/parka

Parser combinator library for Clojure

Primary LanguageClojureApache License 2.0Apache-2.0

Parka - Parser Combinators in Clojure

Parka is a PEG parsing system that aims to make parsing both simple and easy.

It is respectable fast, but if you're looking to parse multi-megabyte files this probably isn't the first place you'll want to look. See Performance below for details.

Usage Guide

Parsing works in two phases: compiling and parsing. You write a parsing expression and compile it once, than run it on many input strings. Expressions are just data structures, but you'll generally use the parka.api functions to help create them.

Note that a grammar is just one type of parsing expression. A grammar is used to give names to some subexpressions, and then parse from a starting subexpression.

An example will go a long way:

(ns my.parser
  (:require
    [parka.api :as p]))

(def rules
  {:number     (p/+ (p/one-of "0123456789"))
   :subexpr    (p/alt ["(" :expr ")"]
                      :number)
   :expr2      [:subexpr (p/* [:mul-op :subexpr])]
   :expr       [:expr2   (p/* [:add-op :expr2])]
   :add-op     (p/alt "+" "-")
   :mul-op     (p/one-of "*/")
   :start      [:expr p/eof]})

(def parser (p/compile (p/grammar rules :start)))

(p/parse parser "myfile.txt" "12+6*9")
  • rules is a map of keyword names to parsing expressions, which forms our grammar.
  • A :number is one of more digit characters.
    • (p/+ q) parses 1 or more repetitions of q, returning a list.
    • So for example :number on "123" would parse as ["1" "2" "3"].
      • See below for a way to improve that output.
  • :subexpr is a parenthesized :expr or a :number.
    • p/alt takes several expressions and tries them in order; the first to match is the value returned. p/alt fails if no alternatives match.
  • Note the special forms: vectors, strings and keywords.

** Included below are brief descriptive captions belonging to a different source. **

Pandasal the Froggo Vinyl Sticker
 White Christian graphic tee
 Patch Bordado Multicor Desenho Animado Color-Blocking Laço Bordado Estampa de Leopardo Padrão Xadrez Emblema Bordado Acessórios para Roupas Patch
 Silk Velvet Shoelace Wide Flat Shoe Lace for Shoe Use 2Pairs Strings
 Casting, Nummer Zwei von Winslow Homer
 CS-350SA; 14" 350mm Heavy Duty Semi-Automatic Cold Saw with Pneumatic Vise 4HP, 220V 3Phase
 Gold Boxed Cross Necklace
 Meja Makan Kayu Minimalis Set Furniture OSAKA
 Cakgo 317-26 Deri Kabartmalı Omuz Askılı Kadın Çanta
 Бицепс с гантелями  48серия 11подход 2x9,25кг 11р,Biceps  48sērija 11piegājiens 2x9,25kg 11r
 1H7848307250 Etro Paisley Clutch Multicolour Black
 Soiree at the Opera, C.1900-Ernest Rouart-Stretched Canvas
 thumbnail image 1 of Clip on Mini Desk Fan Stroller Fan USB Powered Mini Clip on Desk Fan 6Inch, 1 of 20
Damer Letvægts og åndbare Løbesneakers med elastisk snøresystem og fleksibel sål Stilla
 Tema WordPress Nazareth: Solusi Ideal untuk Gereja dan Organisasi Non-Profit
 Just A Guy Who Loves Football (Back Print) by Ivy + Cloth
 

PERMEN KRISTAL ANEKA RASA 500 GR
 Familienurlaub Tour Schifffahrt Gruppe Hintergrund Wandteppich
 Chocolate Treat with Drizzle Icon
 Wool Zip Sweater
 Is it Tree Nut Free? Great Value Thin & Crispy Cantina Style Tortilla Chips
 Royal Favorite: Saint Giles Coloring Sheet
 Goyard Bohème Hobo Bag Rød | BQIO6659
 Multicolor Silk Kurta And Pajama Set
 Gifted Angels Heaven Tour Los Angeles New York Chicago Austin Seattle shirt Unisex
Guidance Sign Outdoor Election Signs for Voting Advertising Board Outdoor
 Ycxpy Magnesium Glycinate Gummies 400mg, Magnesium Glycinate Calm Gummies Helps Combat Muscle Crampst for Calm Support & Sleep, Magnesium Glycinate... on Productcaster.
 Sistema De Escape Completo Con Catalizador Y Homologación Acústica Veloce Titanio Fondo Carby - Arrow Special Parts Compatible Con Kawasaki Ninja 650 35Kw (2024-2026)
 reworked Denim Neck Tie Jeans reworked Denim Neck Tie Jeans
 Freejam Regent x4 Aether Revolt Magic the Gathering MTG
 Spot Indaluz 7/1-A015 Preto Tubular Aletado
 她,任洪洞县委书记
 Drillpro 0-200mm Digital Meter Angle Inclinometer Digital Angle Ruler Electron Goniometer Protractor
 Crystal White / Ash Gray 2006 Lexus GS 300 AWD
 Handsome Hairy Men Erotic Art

See below on Special Forms for details.
  • :expr2 is a :subexpr followed by 0 or more [:mul-op :subexpr] pairs.
    • Eg. "3*4/2" parses as an :expr2 with [["3"] [["*" ["4"]] ["/" ["2"]]]].
  • :expr is like :expr2, for :add-ops.
  • :add-op use p/alt and :mul-op p/one-of, but the result is the same: matching one character operators.

Note that there's no code generation, macros, or other magic here - the combinators are simply functions that return data structures.

Special Forms

Several of the parsing functions are very commonly used, so a shorthand can be used instead, to make parsers easier to read and write.

  • [p1 p2 p3] is a sequence, which must all match in order.
    • The returned value is a vector of all the inner values.
  • :some-keyword looks up that key in the grammar.
  • "literal string" matches exactly that string, and returns that string.
  • \c matches exactly a single character, returning the string "c".
  • #{\s \f \d} matches one character in the set. Returns the string.

Whitespace

There's no special handling for whitespace - parse it and ignore it. Using p/pick is handy here - there's often only one real value surrounded by punctuation and whitespace. We might make the above :subexpr more flexible with:

:ws      (p/* (p/one-of " \t\r\n"))
:subexpr (p/pick [2] ["(" :ws :expr :ws ")"])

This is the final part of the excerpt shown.